Task to complete:
Could you reproduce, from the records below, everything from the line with "二克浅镇二里种畜场边界地图(五级行政区划)" down to the line with "carpeted bedroom featuring", keeping both of those lines and changing nothing?

====== Raw data

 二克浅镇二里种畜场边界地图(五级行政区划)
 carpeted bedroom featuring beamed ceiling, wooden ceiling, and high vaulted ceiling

============
====== Raw data

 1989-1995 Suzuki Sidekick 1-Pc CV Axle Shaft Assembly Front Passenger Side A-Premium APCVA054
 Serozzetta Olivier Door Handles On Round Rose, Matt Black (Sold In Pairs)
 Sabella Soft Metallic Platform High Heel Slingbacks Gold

============

Result:
 二克浅镇二里种畜场边界地图(五级行政区划)
 carpeted bedroom featuring beamed ceiling, wooden ceiling, and high vaulted ceiling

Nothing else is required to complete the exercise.